Active regions and the large-scale magnetic field of solar cycle 24

TL;DR

This study investigates how the longitudinal distribution of active regions influences the large-scale magnetic field of solar cycle 24, revealing non-random emergence patterns that reinforce the solar magnetic field.

Contribution

It introduces a method to quantify individual active regions' effects on the solar magnetic field using a surface flux transport model and vector sum analysis.

Findings

Active regions significantly affect the large-scale magnetic field.

Recurrent flux emergence in the southern hemisphere strengthened the magnetic field.

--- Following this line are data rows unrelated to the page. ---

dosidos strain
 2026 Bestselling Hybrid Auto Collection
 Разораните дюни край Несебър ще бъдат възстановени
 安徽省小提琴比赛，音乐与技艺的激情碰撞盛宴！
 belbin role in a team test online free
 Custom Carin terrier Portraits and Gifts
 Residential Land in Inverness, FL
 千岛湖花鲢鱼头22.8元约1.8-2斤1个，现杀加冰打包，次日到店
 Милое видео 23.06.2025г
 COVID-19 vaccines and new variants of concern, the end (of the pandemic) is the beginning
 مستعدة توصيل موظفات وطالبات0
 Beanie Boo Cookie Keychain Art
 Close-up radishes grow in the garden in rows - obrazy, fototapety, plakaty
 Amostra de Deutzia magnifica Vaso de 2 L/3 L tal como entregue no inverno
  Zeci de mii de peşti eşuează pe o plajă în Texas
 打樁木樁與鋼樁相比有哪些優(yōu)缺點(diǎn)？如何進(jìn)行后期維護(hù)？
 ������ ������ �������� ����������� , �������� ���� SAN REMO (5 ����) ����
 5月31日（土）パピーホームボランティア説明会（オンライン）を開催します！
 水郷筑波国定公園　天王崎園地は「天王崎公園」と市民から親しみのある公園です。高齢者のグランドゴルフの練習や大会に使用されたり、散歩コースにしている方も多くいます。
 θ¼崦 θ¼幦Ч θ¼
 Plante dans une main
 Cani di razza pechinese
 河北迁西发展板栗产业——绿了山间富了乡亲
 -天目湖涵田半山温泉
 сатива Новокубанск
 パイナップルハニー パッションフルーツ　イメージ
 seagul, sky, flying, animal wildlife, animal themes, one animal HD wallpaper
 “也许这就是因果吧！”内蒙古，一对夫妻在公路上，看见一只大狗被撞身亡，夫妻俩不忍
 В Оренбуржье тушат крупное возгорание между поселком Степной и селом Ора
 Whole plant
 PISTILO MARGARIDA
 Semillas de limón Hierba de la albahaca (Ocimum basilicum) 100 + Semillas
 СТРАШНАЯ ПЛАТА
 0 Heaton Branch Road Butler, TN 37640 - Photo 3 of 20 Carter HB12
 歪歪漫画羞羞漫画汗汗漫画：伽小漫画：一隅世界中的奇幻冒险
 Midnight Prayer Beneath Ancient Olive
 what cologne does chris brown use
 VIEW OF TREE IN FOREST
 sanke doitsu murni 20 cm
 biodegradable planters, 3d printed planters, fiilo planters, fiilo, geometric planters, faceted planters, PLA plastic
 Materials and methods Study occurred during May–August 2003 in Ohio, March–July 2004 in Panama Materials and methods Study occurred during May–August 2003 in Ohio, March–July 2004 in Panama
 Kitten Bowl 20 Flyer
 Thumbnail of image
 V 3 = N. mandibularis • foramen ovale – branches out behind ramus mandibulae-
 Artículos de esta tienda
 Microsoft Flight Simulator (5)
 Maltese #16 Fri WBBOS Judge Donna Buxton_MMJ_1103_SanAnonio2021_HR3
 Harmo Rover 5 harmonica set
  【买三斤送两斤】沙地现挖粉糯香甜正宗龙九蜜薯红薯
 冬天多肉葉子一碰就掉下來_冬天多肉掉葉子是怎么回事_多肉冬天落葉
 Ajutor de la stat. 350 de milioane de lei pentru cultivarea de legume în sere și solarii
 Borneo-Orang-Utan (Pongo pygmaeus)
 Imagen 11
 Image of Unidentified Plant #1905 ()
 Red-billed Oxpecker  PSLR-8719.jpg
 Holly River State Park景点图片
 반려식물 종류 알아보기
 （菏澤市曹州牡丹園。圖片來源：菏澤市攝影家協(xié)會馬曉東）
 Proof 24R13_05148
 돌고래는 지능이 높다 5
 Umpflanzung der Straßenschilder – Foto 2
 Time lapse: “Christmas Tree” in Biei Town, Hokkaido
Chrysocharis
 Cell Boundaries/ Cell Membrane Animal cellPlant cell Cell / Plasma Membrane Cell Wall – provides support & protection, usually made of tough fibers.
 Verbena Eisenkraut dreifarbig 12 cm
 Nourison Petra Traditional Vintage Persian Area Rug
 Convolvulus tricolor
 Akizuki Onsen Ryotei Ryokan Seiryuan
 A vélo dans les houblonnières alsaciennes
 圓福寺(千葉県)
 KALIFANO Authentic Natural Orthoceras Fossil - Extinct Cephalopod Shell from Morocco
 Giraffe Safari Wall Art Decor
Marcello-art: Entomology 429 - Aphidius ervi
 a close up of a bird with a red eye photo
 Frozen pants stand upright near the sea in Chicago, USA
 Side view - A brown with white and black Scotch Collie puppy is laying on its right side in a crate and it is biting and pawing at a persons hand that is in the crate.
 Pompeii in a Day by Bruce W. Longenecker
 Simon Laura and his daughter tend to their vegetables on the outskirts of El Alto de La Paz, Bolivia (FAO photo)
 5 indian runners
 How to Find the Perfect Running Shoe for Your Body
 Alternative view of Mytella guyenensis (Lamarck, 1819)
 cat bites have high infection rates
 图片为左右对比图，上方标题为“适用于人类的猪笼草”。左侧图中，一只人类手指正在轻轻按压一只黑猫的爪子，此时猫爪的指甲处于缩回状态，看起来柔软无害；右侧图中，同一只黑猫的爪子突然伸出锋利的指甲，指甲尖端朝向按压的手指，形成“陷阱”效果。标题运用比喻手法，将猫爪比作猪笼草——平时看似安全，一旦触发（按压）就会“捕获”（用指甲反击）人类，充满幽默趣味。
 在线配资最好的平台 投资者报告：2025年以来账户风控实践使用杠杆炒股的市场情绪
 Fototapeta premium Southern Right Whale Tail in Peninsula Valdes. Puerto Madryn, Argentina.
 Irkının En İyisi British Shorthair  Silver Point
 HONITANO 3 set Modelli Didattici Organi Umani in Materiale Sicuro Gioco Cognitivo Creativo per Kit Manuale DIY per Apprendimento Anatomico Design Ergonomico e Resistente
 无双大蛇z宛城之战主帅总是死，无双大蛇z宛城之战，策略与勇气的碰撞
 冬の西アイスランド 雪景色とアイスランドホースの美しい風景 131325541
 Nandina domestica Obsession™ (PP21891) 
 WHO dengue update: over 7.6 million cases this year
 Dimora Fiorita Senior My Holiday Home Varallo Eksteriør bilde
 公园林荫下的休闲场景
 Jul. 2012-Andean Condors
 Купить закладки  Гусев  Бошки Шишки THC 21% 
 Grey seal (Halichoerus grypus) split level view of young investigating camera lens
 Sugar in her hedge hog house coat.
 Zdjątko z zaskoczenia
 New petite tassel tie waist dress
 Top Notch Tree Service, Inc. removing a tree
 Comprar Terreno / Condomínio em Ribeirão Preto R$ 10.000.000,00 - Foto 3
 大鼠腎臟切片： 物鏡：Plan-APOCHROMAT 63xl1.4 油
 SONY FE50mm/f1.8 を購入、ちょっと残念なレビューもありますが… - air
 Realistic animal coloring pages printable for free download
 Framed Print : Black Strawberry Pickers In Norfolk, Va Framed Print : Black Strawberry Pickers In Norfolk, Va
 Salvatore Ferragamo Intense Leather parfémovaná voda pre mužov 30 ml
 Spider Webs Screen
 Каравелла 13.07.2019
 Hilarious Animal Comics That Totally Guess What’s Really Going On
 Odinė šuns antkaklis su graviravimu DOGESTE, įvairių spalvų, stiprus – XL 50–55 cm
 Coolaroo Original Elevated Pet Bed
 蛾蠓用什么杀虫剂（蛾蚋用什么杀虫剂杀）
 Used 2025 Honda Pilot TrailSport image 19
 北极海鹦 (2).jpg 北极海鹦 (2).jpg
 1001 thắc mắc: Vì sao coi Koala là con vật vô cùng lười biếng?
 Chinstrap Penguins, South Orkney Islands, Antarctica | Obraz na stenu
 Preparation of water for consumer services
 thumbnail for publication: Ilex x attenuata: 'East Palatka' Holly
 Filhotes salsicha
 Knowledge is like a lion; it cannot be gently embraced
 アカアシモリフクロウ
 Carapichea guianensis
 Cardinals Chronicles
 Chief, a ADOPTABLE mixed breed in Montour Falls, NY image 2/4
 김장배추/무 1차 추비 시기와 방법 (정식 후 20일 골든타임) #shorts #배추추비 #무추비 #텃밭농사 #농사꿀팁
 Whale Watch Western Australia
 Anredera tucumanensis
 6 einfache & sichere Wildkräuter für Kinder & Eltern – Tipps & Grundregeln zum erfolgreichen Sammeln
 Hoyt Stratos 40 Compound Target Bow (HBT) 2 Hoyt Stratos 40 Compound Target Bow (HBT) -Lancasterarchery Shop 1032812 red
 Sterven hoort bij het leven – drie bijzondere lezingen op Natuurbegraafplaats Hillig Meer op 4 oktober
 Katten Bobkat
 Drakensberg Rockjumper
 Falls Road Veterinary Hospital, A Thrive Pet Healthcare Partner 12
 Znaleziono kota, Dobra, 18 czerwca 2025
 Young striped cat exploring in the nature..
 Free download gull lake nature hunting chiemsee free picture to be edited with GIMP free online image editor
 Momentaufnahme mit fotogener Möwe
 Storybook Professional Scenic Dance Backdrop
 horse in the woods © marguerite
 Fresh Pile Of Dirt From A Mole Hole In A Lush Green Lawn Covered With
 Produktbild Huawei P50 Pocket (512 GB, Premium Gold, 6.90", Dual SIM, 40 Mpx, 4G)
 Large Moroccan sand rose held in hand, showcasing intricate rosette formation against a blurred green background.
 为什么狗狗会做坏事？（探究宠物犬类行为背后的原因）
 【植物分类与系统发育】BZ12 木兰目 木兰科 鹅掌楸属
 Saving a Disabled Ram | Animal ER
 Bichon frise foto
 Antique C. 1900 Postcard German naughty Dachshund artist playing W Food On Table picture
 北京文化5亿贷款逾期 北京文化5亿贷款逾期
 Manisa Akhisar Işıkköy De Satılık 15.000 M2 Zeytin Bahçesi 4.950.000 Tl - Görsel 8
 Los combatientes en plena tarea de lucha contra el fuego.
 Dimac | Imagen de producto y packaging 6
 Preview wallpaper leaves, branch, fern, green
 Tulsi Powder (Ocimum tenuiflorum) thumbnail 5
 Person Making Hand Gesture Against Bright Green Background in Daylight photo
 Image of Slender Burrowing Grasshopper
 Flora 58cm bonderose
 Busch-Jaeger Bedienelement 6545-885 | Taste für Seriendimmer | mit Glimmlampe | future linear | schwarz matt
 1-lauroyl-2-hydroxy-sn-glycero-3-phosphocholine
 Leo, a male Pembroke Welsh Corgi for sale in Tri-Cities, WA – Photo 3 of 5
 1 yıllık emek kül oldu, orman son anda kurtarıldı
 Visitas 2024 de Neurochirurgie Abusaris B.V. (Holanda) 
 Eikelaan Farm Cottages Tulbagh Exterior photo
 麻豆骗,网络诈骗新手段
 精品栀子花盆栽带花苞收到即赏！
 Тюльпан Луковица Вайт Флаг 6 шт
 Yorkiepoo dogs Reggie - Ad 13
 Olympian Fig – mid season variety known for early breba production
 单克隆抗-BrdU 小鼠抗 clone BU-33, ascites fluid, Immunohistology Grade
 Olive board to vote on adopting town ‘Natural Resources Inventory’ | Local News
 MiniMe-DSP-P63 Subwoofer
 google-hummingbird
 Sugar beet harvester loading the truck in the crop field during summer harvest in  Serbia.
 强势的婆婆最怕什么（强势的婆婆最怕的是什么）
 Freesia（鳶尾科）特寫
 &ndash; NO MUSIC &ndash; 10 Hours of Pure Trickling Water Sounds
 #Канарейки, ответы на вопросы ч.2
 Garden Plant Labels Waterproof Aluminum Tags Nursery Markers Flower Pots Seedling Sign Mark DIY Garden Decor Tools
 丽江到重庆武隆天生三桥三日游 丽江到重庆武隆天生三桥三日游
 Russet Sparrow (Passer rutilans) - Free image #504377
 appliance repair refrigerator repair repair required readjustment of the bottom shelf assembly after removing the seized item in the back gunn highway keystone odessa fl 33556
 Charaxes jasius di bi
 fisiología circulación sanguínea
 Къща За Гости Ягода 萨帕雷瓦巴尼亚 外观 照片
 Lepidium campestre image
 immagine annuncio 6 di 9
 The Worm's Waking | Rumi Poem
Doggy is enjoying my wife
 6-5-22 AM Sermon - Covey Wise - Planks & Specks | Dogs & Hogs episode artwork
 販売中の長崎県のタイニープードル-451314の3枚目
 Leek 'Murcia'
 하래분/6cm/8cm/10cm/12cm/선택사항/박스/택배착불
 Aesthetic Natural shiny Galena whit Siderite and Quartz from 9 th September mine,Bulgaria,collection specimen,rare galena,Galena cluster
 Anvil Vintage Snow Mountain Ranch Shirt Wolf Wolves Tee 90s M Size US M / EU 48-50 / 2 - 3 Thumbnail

The longitudinal distribution of active regions is non-random, reinforcing the large-scale field.

Abstract

Most of the intracyclic variability in the large-scale solar magnetic field comes from the equatorial dipole component of the solar magnetic field. The equatorial dipole component is highly sensitive to the longitude distribution of the active regions. We quantify the effect of individual active regions on the large-scale solar magnetic field of the solar cycle 24. We study the effect of the longitude distribution of active regions on the strength of the large-scale dipole component. We used a surface flux transport (SFT) model to simulate the evolution of individual active regions and quantified their effect on the large-scale magnetic field using the recently developed vector sum method. We took advantage of the longitudinal translational invariance of the SFT model and compared the observed solar cycle 24 to the 10 000 simulations of the solar cycle 24 using randomized longitudinal source locations, but otherwise identical flux emergence. We find that taking into account both the axial and equatorial components of the vector sum characterizing the global solar magnetic field sets better constraints on the parameter space of the SFT model than, for example, using the axial dipole moment alone as an optimization metric. We studied the maximum of cycle 24 and identified the recurrent and localized flux emergence in the southern hemisphere as the main culprit behind the rapid strengthening of the large-scale magnetic field in late 2014. We find that during the declining phase of the solar cycle, the strength of the large-scale magnetic field stayed above the median level of randomized simulations (p < 0.027) for 42 subsequent. This indicates that the longitudinal distribution of active regions is not random and, rather, that it demonstrates a tendency for some regions to emerge at longitudes where their equatorial components reinforce the large-scale equatorial field.